But many carriers lack flexibility by locking themselves into much higher costs, with some approaching $1,000 per tonne of jet fuel, roughly double current rates on the spot market, Reuters reported.
At a time of heightened price volatility, airlines are also considering using more options contracts to access lower prices should they fall further.
Budget carrier Norwegian stands to benefit. Many European airlines were 70%-90% hedged going into 2015, but Norwegian was largely unhedged.
“Typically we have not done much hedging,” Norwegian’s chief financial officer, Frode Foss, told Reuters. “But in the last month we have started accumulating, relatively speaking, a lot of hedging to lock in fuel at very favourable levels.”

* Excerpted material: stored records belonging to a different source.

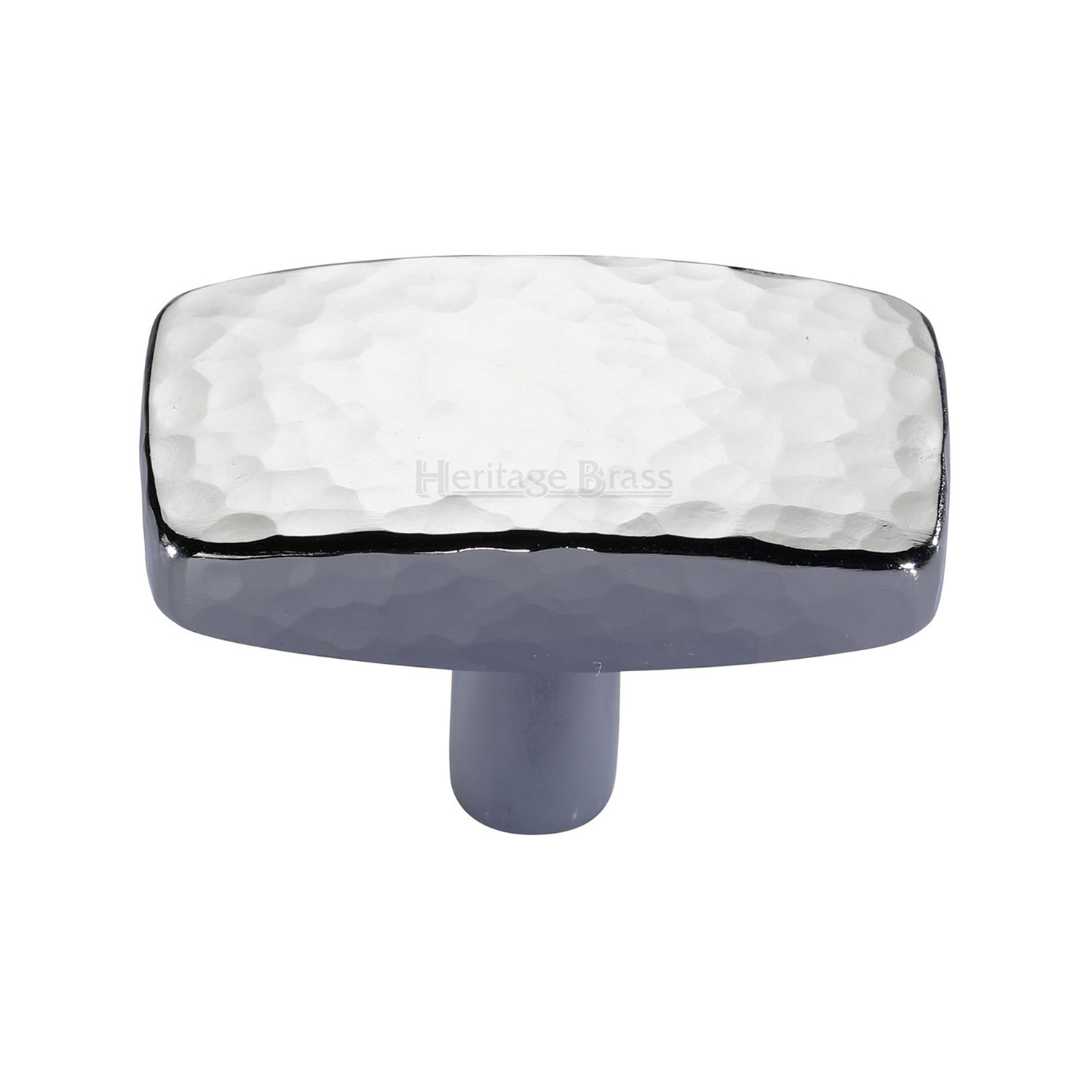 Rectangular Hammered Cabinet Knob - C3386 47-PC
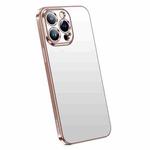 For iPhone 14 Pro SULADA Electroplating Frosted All-inclusive TPU Phone Case(Pink)
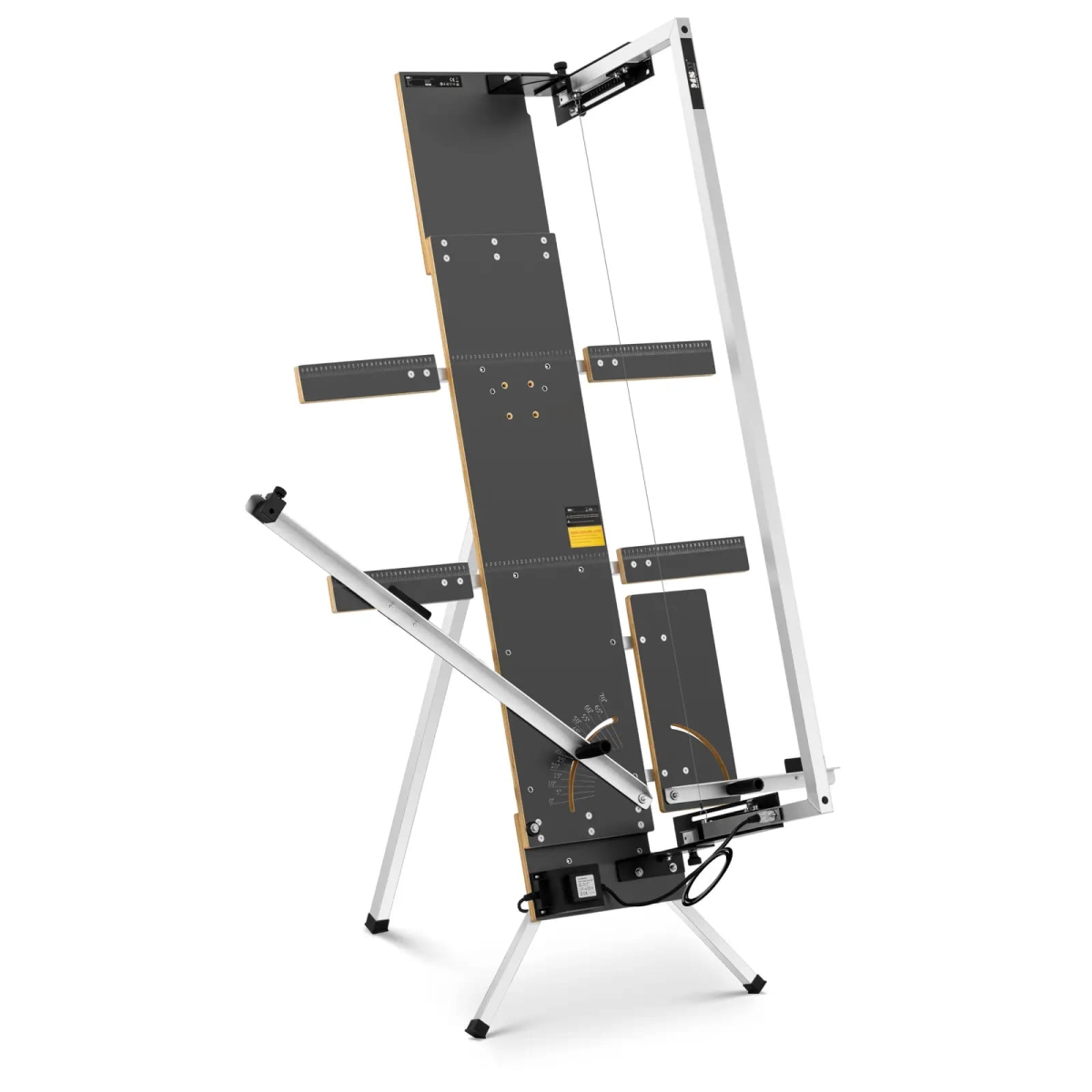 10062734 Gilotyna do cięcia styropianu z nóżkami, podporą z tyłu oraz dodatkowym wspornikiem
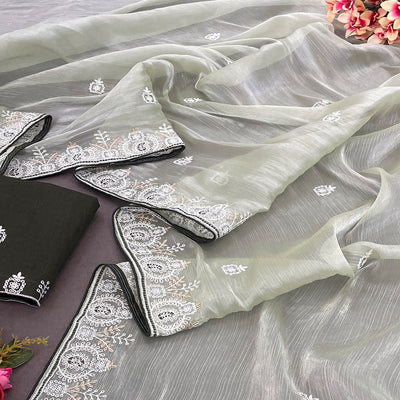 green-sequins-embroidered-chiffon-silk-saree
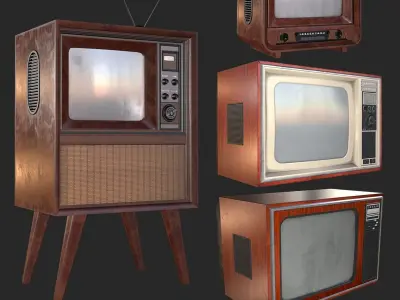 Old Item Mega Pack Low-poly 3D model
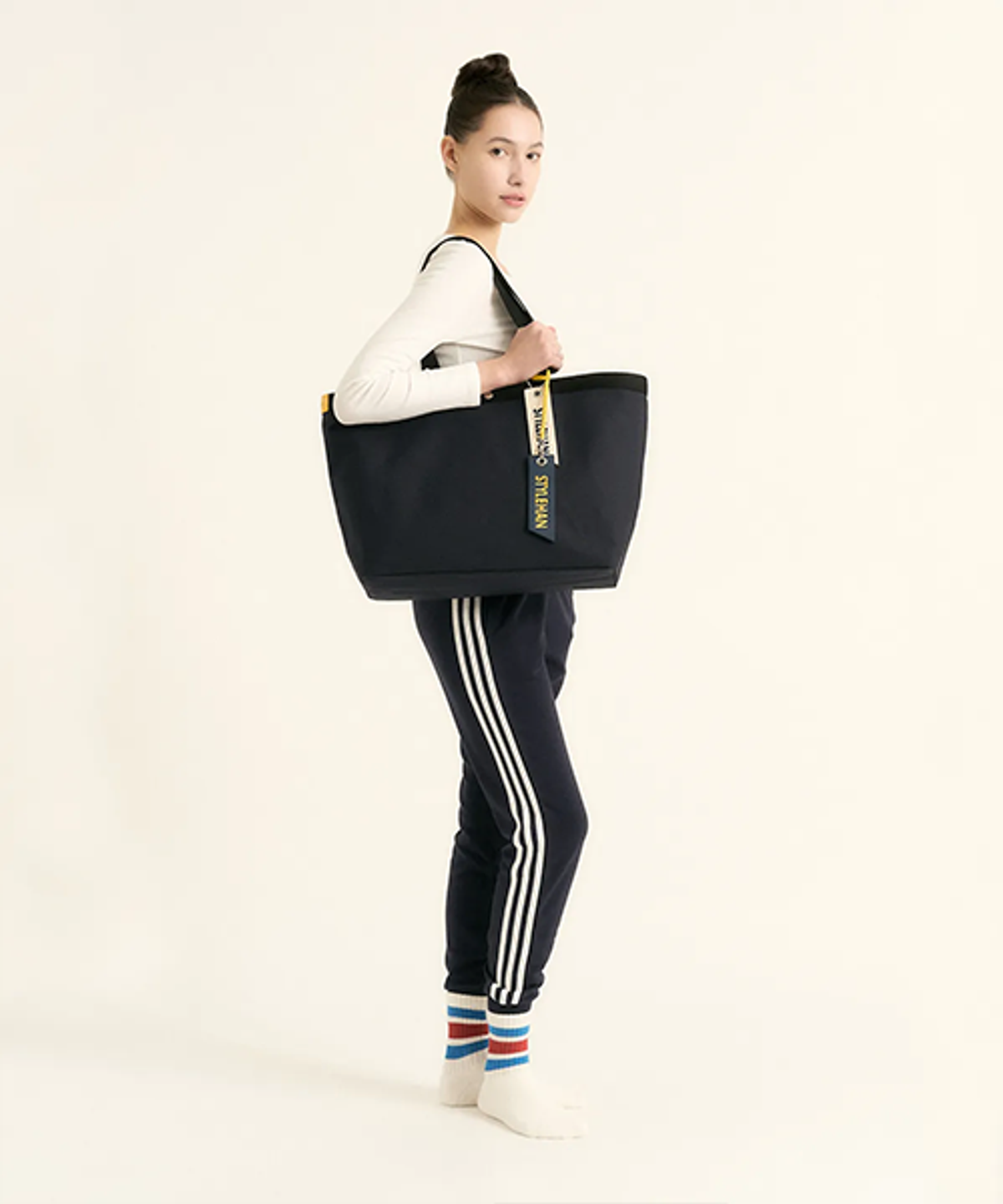 스타일한(STYLEHAN) Dama 쇼퍼백 Navy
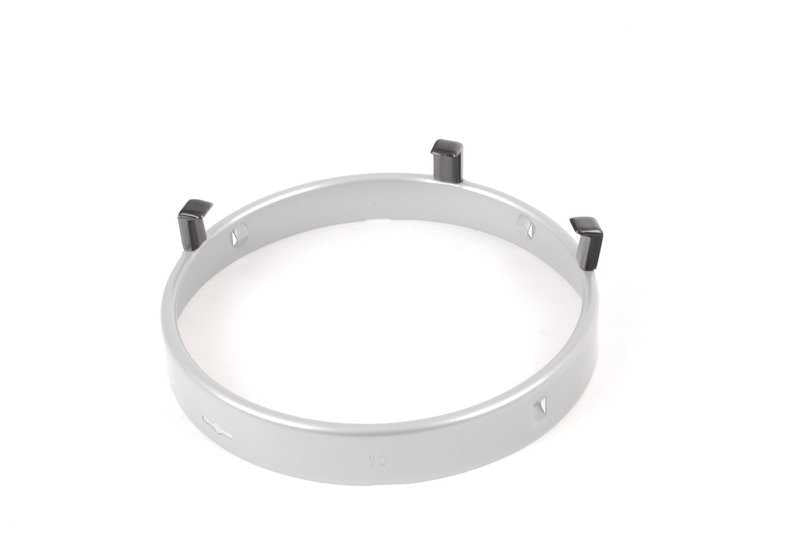 Anillo de soporte de cristal de luz de carretera derecha para BMW E30 (OEM 63121370892). Original BMW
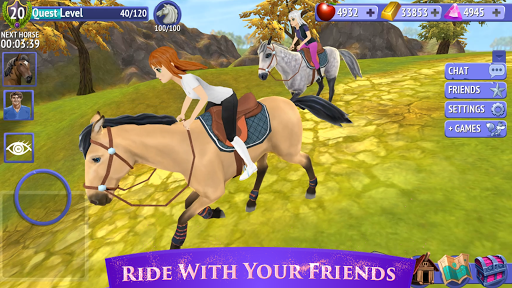 Télécharger Gratuit Contes d'équitation- Montez à cheval avec des amis APK MOD (Astuce) screenshots 4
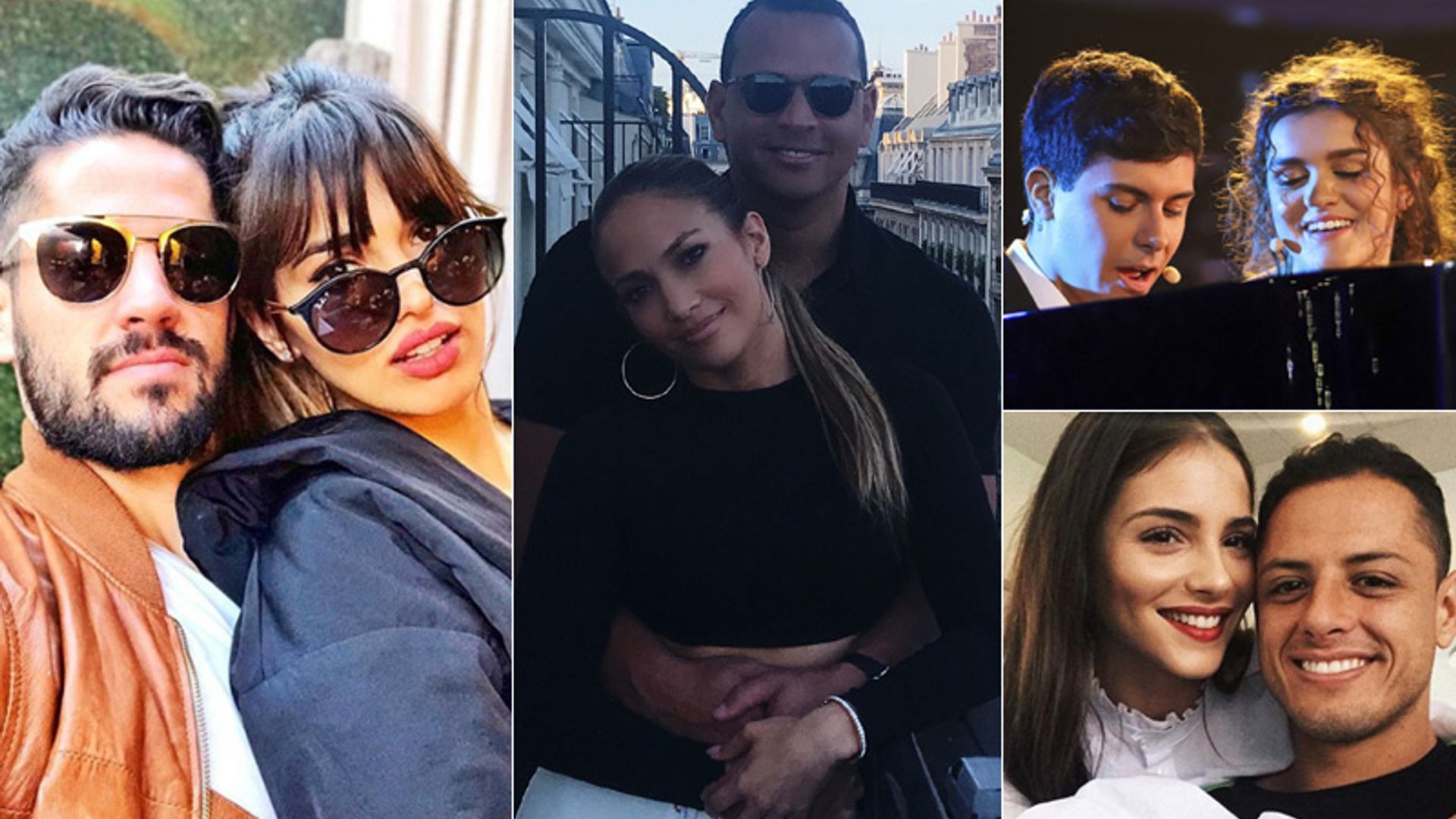 Desde 'Chicharito' y Andrea Duro hasta Isco Alarcón y Sara Sálamo, estos han sido los romances del año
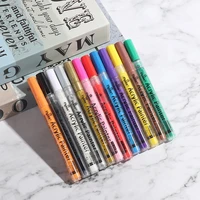 new permanent acrylic paint marker pen for ceramic rock glass porcelain cup wood fabric canvas painting office school supplies
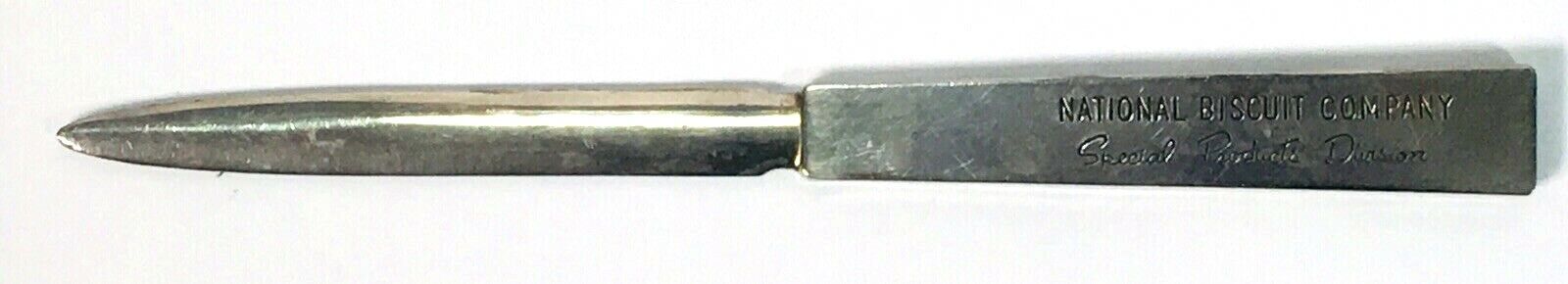 National Biscuit Company Special Products Division Nabisco Letter Opener Nabisco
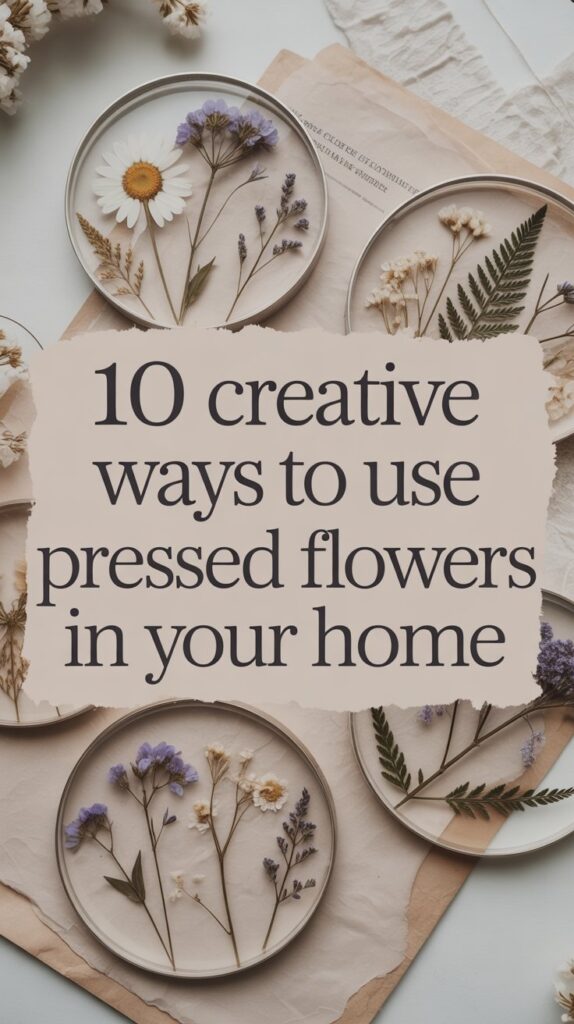 pressed flower in resin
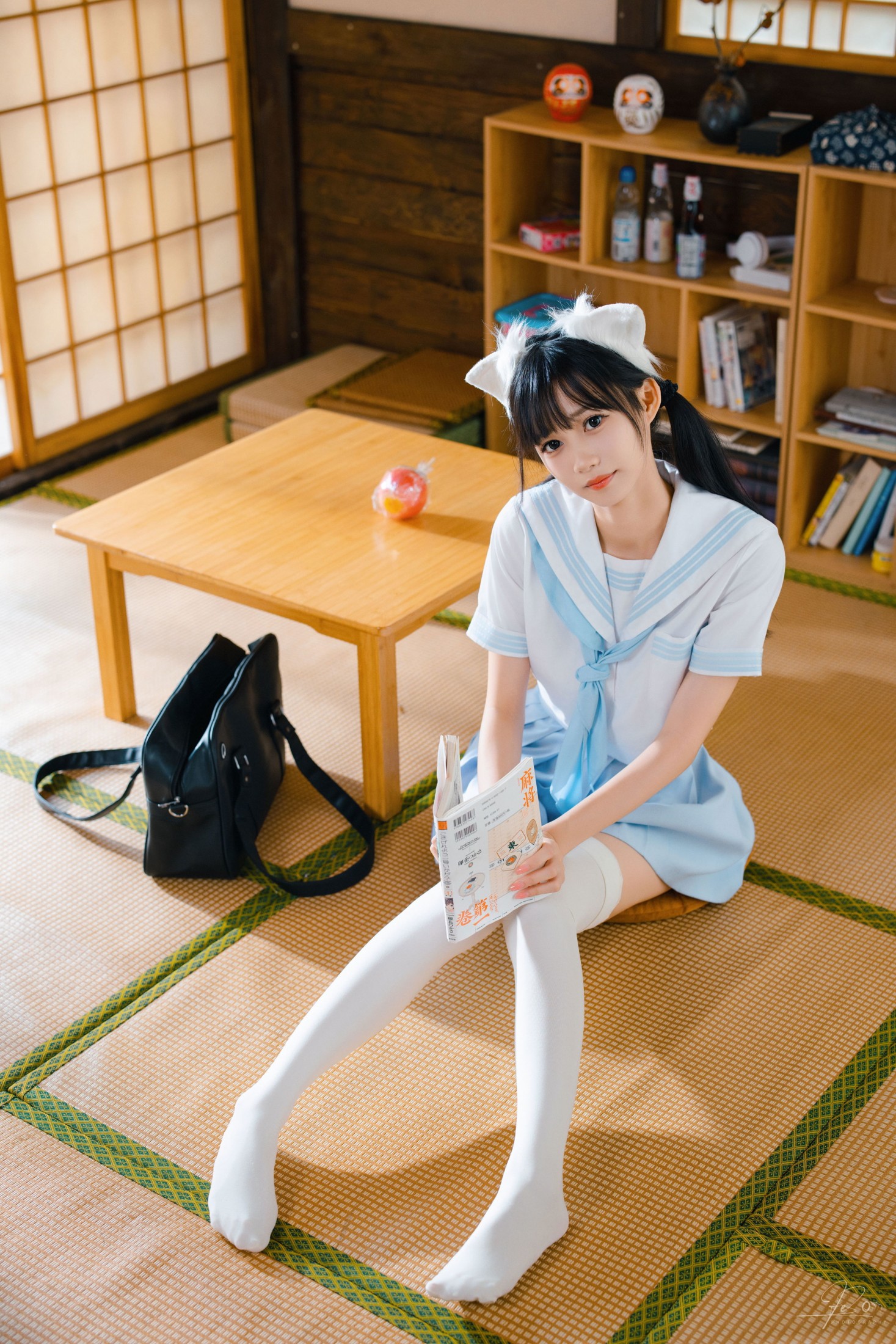 图片[1] - 小雨 - 《日系小屋》[21P] - 机器猫次元 - 机器猫次元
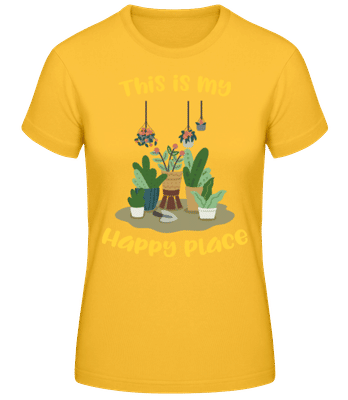 This Is My Happy Place - Camiseta básica de mujer - Amarillo dorado - delante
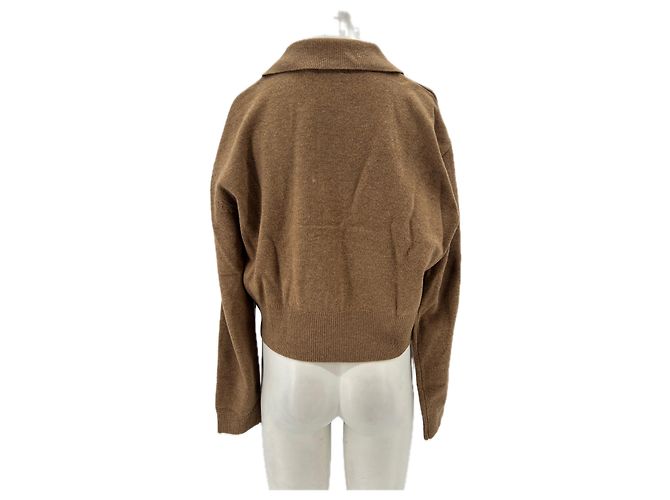 Autre Marque Brauner Wollcardigan - Ansicht 2
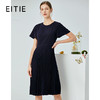 EITIE爱特爱夏季新款时尚飞飞袖通勤百搭简约文艺百褶连衣裙B2007494 商品缩略图0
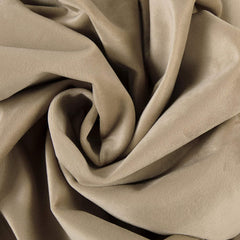 Set draperii din catifea cu rejansa din bumbac tip fagure, Madison, densitate 700 g/ml, Latte, 2 buc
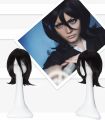 Hot Kuchiki Rukia Cosplay Wig Black Short Curly Heat Resistant Synthetic Hair Halloween Costume Anime Party Wigs. 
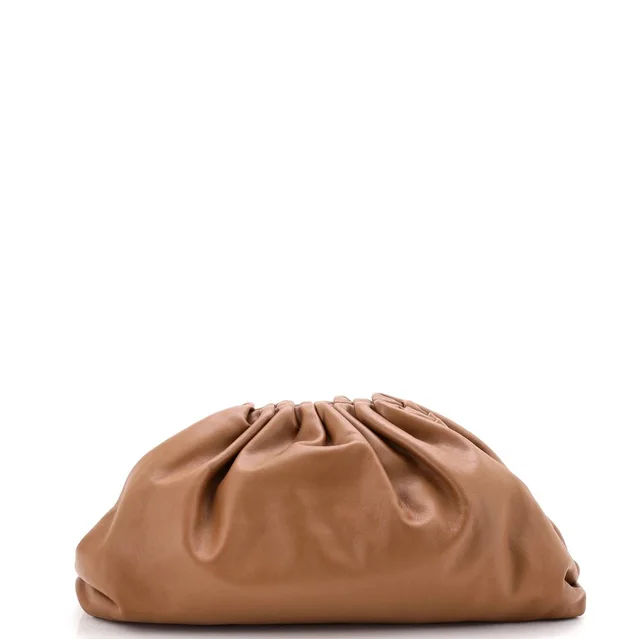 Bottega Veneta The Pouch Leather in brown|red Leather from Rebag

The airline has hedged 23% of its fuel needs for the rest of this year, and 28% for 2016, with the potential to increase and extend hedges out to 2017, Foss said.
“You might see us at 50% or more, depending on the forward curve,” he said.
Norwegian has one of the lowest hedge coverings of the major European airlines, and can buy around three quarters of its fuel for this year and next on the spot market.
But airlines that entered the current price decline heavily hedged cannot benefit in the same way.
Air Berlin, Germany’s second-largest airline, has been hit by falling prices with 93% of its 2015 fuel needs hedged, according to an analyst note from HSBC, the news agency reported.
With fuel accounting for 46% of Ryanair’s 2014 operating costs, 33% of British Airways’ and 21.5% of Lufthansa’s, price fluctuations can seriously impact company profits.